Segundo o relator da proposta no Senado, senador Fabiano Contarato (PT-ES), os números demonstram a necessidade de medidas mais severas para combater esse tipo de violência.

“As estatísticas indicam que as penas atualmente previstas não têm sido suficientes para prevenir os delitos de abuso e exploração sexual contra crianças e adolescentes, especialmente no ambiente digital”, destacou o parlamentar durante a análise da matéria.

Dados da ONG SaferNet Brasil apontam que, entre janeiro e julho de 2025, foram registradas 49.336 denúncias anônimas de abuso e exploração sexual infantil na internet, representando um aumento de 18,9% em comparação com o mesmo período do ano anterior.

Penas mais severas

Com a nova legislação, a pena para quem produzir, reproduzir, fotografar, filmar, registrar, vender ou expor conteúdo de violência sexual envolvendo crianças e adolescentes passará de 4 a 8 anos para 4 a 10 anos de reclusão, além de multa.

Nos casos em que a comercialização ou divulgação ocorrer por meio da internet ou redes sociais, a pena poderá ser aumentada em um terço.

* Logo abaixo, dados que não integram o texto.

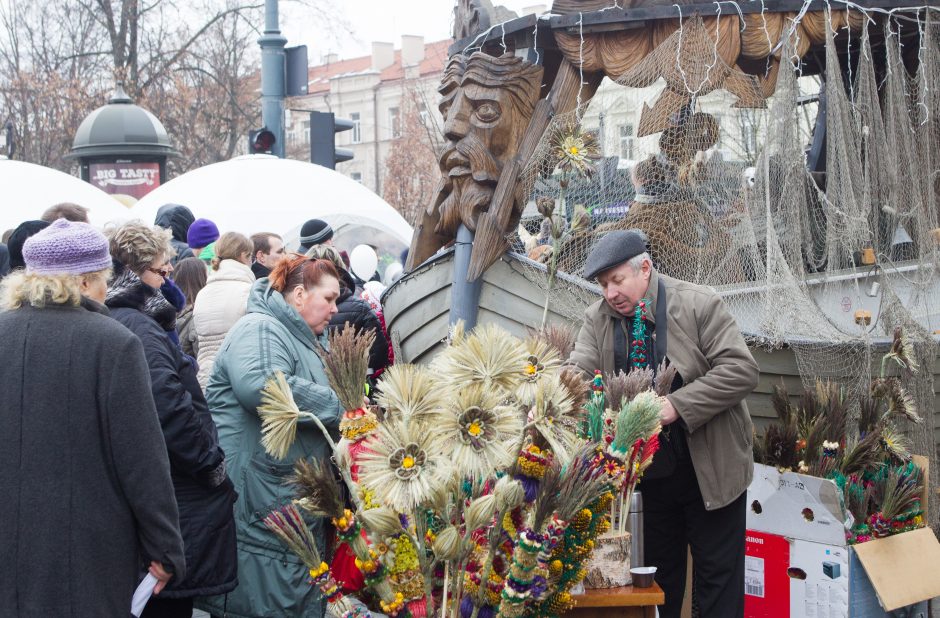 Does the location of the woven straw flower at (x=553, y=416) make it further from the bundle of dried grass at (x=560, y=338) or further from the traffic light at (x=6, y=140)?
the traffic light at (x=6, y=140)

A proposta também endurece a punição para quem compartilha, distribui, transmite ou divulga esse tipo de material. Atualmente, a pena varia de 3 a 6 anos de prisão. Com a mudança, passará para 4 a 10 anos de reclusão.

Já para quem adquire, possui ou armazena conteúdo de violência sexual infantil, a pena será ampliada de 1 a 4 anos para 3 a 6 anos de prisão, além de multa.

Uso de inteligência artificial será agravante

Um dos principais pontos do projeto é a previsão de aumento de pena para crimes cometidos com o uso de tecnologias digitais avançadas.

A utilização de inteligência artificial, deepfakes, perfis falsos, jogos online ou redes sociais para aliciar crianças e adolescentes poderá aumentar a punição entre um terço e dois terços.

A mesma regra será aplicada quando o criminoso se aproveitar de relações de confiança, convivência familiar, autoridade, cuidado ou proximidade com a vítima para praticar os abusos.

Especialistas têm alertado para o crescimento do uso dessas ferramentas por criminosos, que utilizam recursos tecnológicos para enganar, manipular e aproximar-se de menores de forma cada vez mais sofisticada.

Atenção às vítimas

Além do endurecimento das penas, o projeto também reforça o atendimento às vítimas.

O texto garante que crianças e adolescentes vítimas ou testemunhas de violência sexual tenham acesso a atendimento psicológico e psicossocial especializado, contínuo e integral, buscando minimizar os impactos emocionais e sociais causados pelos abusos.

A iniciativa é vista como um avanço na proteção da infância e da adolescência, unindo medidas de repressão criminal com ações voltadas ao acolhimento e à recuperação das vítimas.

Caso seja sancionada pelo presidente da República, a nova legislação passará a integrar o conjunto de medidas de combate aos crimes sexuais praticados no ambiente digital, um dos desafios mais urgentes da atualidade diante da crescente presença de crianças e adolescentes nas plataformas online.